**Exercise requirements**
Of all the lines below, output only those starting at the one with "Intrinsic Motivation - How" and ending at the one with "Zipp Battery - (9- 12", both ends included, exactly as written.

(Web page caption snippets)

====================

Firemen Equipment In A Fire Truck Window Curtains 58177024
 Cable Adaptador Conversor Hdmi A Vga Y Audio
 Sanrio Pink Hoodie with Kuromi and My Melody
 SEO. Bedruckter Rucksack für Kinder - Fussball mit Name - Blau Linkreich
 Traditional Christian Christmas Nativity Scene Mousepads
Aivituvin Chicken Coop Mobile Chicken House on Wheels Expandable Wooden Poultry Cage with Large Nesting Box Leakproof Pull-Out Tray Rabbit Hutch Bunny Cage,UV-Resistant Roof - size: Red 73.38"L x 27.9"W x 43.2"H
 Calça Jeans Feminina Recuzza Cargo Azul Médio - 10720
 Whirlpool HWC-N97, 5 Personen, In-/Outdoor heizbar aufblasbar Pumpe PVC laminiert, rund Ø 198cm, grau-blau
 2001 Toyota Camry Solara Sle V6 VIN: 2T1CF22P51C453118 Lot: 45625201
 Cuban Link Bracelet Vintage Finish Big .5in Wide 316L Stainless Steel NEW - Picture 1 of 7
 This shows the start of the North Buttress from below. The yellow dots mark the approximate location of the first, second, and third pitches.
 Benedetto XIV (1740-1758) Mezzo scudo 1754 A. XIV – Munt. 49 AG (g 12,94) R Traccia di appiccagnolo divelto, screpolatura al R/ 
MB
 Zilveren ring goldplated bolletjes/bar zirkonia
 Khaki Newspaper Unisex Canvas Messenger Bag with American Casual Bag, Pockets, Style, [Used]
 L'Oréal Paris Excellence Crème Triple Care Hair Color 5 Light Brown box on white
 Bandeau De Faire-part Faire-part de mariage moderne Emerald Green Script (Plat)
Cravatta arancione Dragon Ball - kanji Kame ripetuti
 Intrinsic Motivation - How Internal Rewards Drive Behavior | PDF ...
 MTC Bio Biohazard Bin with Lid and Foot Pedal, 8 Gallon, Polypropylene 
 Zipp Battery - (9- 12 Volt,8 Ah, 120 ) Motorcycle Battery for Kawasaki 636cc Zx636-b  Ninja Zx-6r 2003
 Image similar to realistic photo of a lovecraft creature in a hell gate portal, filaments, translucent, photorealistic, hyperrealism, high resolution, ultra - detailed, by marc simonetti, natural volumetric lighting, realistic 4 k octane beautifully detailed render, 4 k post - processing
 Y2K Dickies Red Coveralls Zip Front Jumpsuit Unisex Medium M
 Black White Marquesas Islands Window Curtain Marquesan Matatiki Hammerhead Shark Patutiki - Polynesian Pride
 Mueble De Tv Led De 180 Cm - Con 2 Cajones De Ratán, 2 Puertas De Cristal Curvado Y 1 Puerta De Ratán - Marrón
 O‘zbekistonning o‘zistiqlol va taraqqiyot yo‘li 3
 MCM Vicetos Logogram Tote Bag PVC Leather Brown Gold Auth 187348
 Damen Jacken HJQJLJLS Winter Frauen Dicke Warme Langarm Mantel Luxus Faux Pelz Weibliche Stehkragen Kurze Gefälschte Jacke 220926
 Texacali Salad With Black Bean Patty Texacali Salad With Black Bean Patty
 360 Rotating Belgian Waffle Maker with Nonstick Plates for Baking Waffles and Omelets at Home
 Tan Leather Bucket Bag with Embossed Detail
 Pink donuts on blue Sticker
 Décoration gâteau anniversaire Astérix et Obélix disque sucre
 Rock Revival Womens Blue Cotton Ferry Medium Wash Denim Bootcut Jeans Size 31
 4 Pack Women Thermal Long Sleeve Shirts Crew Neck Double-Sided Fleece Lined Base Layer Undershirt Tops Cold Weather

====================

**Task result**
 Intrinsic Motivation - How Internal Rewards Drive Behavior | PDF ...
 MTC Bio Biohazard Bin with Lid and Foot Pedal, 8 Gallon, Polypropylene 
 Zipp Battery - (9- 12 Volt,8 Ah, 120 ) Motorcycle Battery for Kawasaki 636cc Zx636-b  Ninja Zx-6r 2003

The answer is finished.